C'est ensuite au tour des avocats d'Adèle Haenel. Déterminés et abrupts, ils rentrent dans Ruggia. L'un d'eux tente un vague effet d'audience en faisant référence à Ruggia qui, lors de ses après-midi passés avec sa comédienne entre 2001 et 2004, lui aurait montré des vidéos YouTube. Or, YouTube a été créé en 2005. Moment de gêne de Ruggia qui ne sait même pas quoi répondre, alors que clairement il voulait juste dire qu'ils avaient regardé des vidéos sur internet (souvenez-vous les gars, on faisait ça avant que YouTube existe). En tous cas on sent Ruggia un peu ouaté, très (trop ?) calme dans ses réponses, ne se défendant avec véhémence que lorsqu'il évoque le procès stalinien qu'il reproche à Mediapart, ou bien sa mise en garde à vue musclée (qui sera ensuite annulée). Dans un passage particulièrement maladroit, il évoque la radicalisation politique d'Haenel, lui valant quelques rires d'une salle que le président est obligé de recadrer.
L'autre avocate d'Haenel essaie de le dépeindre en irresponsable.

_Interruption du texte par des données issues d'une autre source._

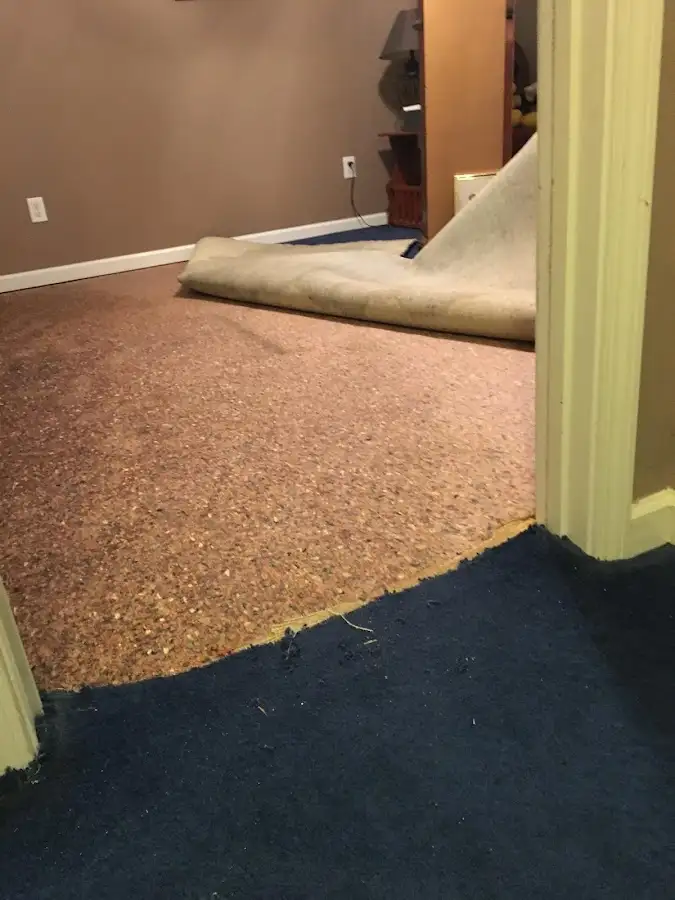 Carpet pad removal revealing water damage during Drying & Dehumidification in Pecan Grove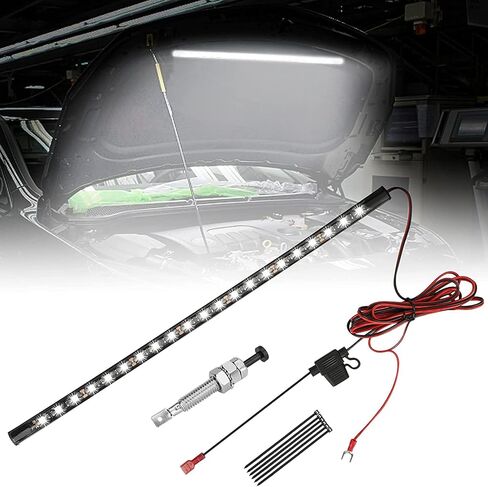 Linkstyle تحت غطاء محرك السيارة أدى ضوء العمل عدة، 12V غطاء محرك السيارة العمل التفتيش قطاع مصباح مع التلقائي تشغيل / إيقاف العالمي للماء Underhood شريط ضوء العمل لشاحنة جيب سيارات الدفع الرباعي على الطرق الوعرة قارب بيك اب البضائع in Saudi Arabia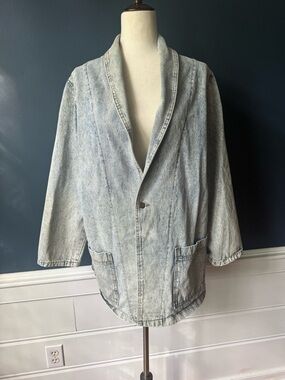 Vintage 80s Acid Wash CLIQUE Original Jeans Denim Blazer
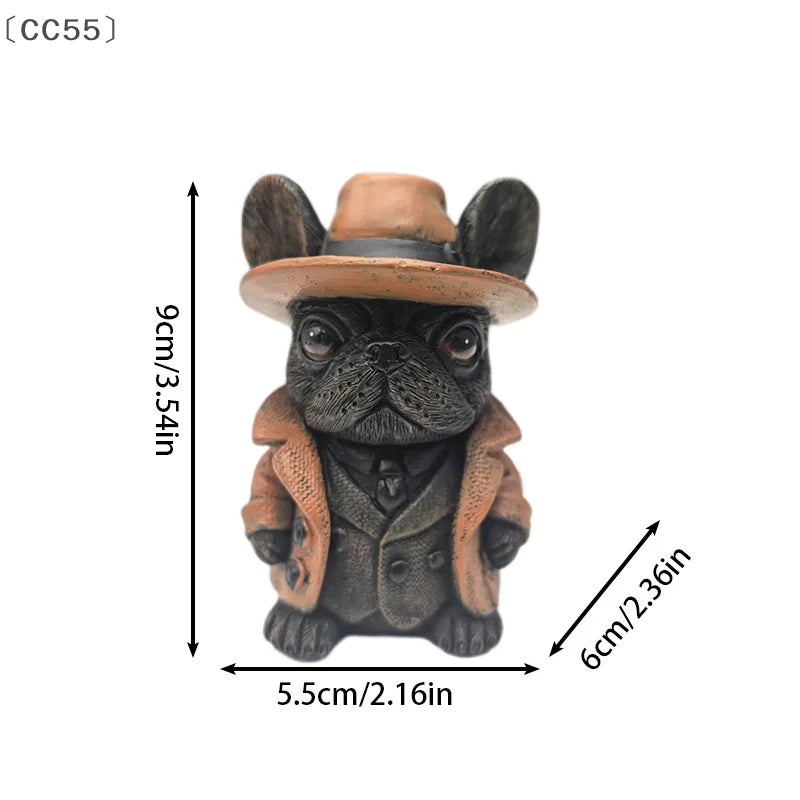 ?CC55?Handmade French Bulldog Statue Garden Decor Resin Crafts Dog Lover Gift Sculpture Patio Lawn Courtyard Home Decoration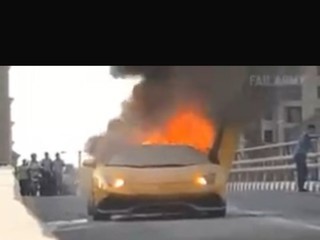Lamborghini Harucan caught fire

On l’asticote sur le tournage des DIABLES ("Donc vous tournez une scène où Vincent Rottiers se pend et ce garçon de 15 ans n'a pas répété la scène avant ?!"). Concernant la scène d'amour entre les deux jeunes comédiens, il explique ce qu'il a fait: Équipe réduite, des réflos pour protéger les acteurs du regard des autres, un travelling installé pour faire un maximum de plans en un minimum de temps, une prise de son sacrifiée afin qu'il puisse guider les comédiens par la voix... Bref en tant que réal tu comprends exactement la démarche: il veut faire ça vite pour pas créer de malaise et utiliser sa voix j'imagine pour guider les gestes, en faire quelque chose de factuel, pas laisser les ados pédaler dans la semoule en roue libre... Bref c'est comme ça que je l'ai compris en tous cas. Mais la partie civile insinue à mots couverts que ça comme de la manipulation. Et Ruggia de se défendre tout mollement.
A 18h20 j'ai dû partir mais c'était loin d'être terminé, Ruggia n'ayant même pas encore été interrogé par ses propres avocates. Et du coup je n'ai évidemment pas entendu Haenel témoigner.
Mais en tous cas c'était passionnant.